On the State of Linux File Systems

← Back to Stories (view on slashdot.org)

On the State of Linux File Systems

Posted by kdawson on Saturday November 29, 2008 @08:45AM from the here-hold-this-for-me dept.

kev009 writes to recommend his editorial overview of the past, present and future of Linux file systems: ext2, ext3, ReiserFS, XFS, JFS, Reiser4, ext4, Btrfs, and Tux3. "In hindsight it seems somewhat tragic that JFS or even XFS didn't gain the traction that ext3 did to pull us through the 'classic' era, but ext3 has proven very reliable and has received consistent care and feeding to keep it performing decently. ... With ext4 coming out in kernel 2.6.28, we should have a nice holdover until Btrfs or Tux3 begin to stabilize. The Btrfs developers have been working on a development sprint and it is likely that the code will be merged into Linus's kernel within the next cycle or two."

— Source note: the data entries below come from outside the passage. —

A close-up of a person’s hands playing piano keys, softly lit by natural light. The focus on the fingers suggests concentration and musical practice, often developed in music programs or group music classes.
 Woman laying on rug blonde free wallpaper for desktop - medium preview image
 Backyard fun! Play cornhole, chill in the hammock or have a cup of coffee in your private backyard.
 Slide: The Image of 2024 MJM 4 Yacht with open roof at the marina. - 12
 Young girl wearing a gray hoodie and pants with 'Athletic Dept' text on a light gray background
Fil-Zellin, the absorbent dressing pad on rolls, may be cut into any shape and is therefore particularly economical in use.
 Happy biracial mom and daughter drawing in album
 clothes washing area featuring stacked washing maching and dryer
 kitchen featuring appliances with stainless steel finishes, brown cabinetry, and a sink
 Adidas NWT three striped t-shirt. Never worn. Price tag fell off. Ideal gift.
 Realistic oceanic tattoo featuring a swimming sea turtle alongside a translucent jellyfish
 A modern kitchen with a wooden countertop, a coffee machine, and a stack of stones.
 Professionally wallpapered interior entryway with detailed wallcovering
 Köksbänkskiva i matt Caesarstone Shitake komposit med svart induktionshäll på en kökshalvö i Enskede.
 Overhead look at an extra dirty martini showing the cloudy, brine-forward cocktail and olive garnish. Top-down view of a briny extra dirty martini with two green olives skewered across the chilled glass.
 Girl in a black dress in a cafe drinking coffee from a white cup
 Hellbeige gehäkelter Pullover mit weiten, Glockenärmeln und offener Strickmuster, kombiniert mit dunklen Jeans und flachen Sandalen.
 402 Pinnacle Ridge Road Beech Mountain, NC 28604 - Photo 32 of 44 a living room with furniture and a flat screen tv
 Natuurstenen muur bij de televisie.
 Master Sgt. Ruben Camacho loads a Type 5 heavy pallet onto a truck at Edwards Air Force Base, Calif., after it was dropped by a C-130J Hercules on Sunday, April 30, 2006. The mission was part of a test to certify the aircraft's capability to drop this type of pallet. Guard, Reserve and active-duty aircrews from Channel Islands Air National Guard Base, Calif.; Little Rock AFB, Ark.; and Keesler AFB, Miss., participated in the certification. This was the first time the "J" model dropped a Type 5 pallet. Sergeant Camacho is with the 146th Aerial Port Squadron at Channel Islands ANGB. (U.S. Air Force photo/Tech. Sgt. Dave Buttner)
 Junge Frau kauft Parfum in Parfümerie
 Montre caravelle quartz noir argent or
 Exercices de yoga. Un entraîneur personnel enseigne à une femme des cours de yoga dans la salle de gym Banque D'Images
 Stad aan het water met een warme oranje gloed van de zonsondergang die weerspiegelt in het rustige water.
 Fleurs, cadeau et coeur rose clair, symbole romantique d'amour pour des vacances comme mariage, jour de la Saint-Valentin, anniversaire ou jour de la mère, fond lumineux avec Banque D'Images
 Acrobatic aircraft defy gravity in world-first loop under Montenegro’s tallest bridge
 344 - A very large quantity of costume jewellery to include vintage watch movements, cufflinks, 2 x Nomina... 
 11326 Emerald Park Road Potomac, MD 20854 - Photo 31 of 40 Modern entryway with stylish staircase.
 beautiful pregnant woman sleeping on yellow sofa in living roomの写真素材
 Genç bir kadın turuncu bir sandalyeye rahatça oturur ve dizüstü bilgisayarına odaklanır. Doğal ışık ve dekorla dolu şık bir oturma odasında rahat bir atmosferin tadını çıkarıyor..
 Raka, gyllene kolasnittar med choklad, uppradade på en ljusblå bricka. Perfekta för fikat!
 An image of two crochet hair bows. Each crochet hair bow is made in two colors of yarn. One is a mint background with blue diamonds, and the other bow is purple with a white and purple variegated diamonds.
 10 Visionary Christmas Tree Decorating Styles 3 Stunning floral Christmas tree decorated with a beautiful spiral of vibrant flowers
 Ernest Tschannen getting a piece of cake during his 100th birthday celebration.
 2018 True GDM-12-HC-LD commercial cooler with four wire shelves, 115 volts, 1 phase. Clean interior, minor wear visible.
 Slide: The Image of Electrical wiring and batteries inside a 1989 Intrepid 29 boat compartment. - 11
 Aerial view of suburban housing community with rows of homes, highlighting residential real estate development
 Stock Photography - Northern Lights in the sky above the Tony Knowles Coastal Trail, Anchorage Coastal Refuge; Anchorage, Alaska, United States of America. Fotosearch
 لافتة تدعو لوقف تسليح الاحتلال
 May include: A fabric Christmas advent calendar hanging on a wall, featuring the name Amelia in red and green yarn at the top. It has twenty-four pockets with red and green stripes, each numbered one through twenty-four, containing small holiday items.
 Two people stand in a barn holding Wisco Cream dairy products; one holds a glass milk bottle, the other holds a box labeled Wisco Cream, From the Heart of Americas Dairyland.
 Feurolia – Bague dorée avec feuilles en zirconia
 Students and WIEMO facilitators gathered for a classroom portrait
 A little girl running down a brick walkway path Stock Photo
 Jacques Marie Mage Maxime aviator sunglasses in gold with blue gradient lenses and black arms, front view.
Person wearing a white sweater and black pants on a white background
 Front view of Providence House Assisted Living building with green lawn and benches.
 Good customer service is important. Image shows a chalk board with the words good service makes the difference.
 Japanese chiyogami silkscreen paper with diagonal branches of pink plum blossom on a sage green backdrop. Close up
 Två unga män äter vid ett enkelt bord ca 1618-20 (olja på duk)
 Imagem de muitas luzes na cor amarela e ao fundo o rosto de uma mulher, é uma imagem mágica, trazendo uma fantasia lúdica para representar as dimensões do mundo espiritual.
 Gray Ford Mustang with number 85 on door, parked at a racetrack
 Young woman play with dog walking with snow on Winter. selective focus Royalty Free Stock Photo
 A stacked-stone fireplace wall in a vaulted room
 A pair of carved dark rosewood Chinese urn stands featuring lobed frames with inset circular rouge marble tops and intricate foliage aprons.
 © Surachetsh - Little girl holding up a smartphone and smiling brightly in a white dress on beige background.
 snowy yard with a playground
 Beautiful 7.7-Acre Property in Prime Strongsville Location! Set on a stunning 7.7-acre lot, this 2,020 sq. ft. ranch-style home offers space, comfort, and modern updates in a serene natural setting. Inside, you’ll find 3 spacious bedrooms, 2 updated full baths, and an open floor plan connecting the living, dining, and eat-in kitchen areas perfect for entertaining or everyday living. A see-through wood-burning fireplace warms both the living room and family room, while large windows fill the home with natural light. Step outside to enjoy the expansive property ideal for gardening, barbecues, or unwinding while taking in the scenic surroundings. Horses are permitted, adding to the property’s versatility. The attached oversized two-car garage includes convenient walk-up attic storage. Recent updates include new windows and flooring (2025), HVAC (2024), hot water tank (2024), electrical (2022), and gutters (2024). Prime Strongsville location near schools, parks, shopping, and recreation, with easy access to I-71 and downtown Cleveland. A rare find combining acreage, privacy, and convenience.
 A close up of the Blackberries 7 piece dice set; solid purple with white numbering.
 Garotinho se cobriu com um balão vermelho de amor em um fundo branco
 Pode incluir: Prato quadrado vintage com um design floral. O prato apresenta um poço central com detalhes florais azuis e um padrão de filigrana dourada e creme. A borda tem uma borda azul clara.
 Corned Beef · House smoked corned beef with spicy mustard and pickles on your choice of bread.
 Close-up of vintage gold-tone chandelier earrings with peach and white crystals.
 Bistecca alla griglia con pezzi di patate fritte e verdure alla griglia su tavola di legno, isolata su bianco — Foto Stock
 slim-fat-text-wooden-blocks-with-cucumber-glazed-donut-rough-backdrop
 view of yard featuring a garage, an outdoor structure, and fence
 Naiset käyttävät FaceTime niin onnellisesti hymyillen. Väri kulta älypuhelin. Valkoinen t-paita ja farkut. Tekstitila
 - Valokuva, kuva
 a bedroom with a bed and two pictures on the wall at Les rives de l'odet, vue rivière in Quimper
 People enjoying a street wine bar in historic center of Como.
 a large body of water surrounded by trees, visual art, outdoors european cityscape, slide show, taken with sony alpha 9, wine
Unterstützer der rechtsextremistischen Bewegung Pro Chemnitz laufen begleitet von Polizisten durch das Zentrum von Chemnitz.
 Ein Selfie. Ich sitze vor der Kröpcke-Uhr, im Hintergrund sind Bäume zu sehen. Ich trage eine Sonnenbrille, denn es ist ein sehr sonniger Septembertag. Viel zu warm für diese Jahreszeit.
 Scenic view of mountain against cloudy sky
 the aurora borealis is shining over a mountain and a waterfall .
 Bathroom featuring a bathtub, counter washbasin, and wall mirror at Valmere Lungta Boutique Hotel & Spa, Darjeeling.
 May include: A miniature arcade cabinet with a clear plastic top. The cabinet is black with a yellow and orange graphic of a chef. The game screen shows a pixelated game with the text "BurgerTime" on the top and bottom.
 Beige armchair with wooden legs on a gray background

10 of 319 comments (clear)

Min score:

Reason:

Sort:

The article is incorrect with respect to ext4... by tytso · 2008-11-29 08:49 · Score: 5, Informative

The article states that ext4 was a Bull project; and that is not correct.
The Bull developers are one of the companies involved with the ext4 development, but certainly by no means were they the primary contributers. A number of the key ext4 advancements, especially the extents work, was pioneered by the Clusterfs folks, who used it in production for their Lustre filesystem (Lustre is a cluster filesystem that used ext3 with enhancements which they supported commercially as an open source product); a number of their enhancements went on to become adopted as part of ext4. I was the e2fsprogs maintainer, and especially in the last year, as the most experienced upstream kernel developer have been responsible for patch quality assurance and pushing the patches upstream. Eric Sandeen from Red Hat did a lot of work making sure everything was put together well for a distribution to use (there are lots of miscellaneous pieces for full filesystem support by a distribution, such as grub support, etc.). Mingming Cao form IBM did a lot of coordination work, and was responsible for putting together some of the OLS ext4 papers. Kawai-san from Hitachi supplied a number of critical patches to make sure we handled disk errors robuestly; some folks from Fujitsu have been working on the online defragmentation support. Aneesh Kumar from IBM wrote the 128->256 inode migration code, as well as doing a lot of the fixups on the delayed allocation code in the kernel. Val Henson from Red Hat has been working on the 64-bit support for e2fsprogs in the kernel. So there were a lot of people, from a lot of different companies, all helping out. And that is one of the huge strengths of ext4; that we have a large developer base, from many different companies. I believe that this wide base of developer is support is one of the reasons why ext3 was more succesful, than say, JFS or XFS, which had a much smaller base of developers, that were primarily from a single employer.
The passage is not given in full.